The 2nd Annual Lockn’ Music Festival was a huge success, drawing approximately 30,000 fans to the massive Oak Ridge Farm in Arrington, VA over September 4-7. Founders Peter Shapiro and David Frey listened to fan complaints last year to make major changes to the festival grounds, including building new stages, roads, and entrances, as well as hiring better-trained staff to handle parking, security, vending, and logistics. Music started daily around 11 am and continued until 3-4 am each night (except Sunday).
The music kicked off promptly at 4 pm with the No BS! Brass Band from Richmond, who treated the first fans to horn-loaded renditions of popular favorites by Michael Jackson and Led Zeppelin, including a fiery version of Led Zeppelin’s “The Ocean” with a “Black Dog” riff at the end, ending with a festive “Thriller”.
The Revivalists, from New Orleans, started on the Oak stage, hosting one of the first sit-ins of the weekend from Lettuce’s guitarist Eric Krasno. They covered the Rolling Stones’ “Gimme Shelter” with rocking soul that amped up the sweaty crowd, as lead vocalist David Shaw jumped off the stage to sing in the crowd.

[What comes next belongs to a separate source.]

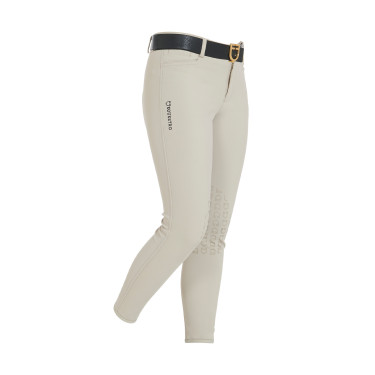 Kinder-Reithose Amani Equestro Gezeitenschaum Beige Kinder-Reithose Amani Equestro Gezeitenschaum Beige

New York’s own Lettuce brought their extreme funk to Lockn’ with fast-paced tunes that set the groove for the night. One of the highlights was Alecia Chakour sitting in on vocals for “Do It Like You Do” from their latest album, Fly, with a swanky melody, smooth bass line, and sensual flair thanks to Chakour. She also dedicated “The Sun” to her friend, Brian Farmer, who was Warren Haynes’ guitar tech and recently passed this year. Lettuce broke out fierce classics like “Lettsanity” and “Last Suppit” along with one of their newer songs, “Phyllis”, and closed the set with “By Any Shmeeans Necessary”, joined by the No BS! Brass band.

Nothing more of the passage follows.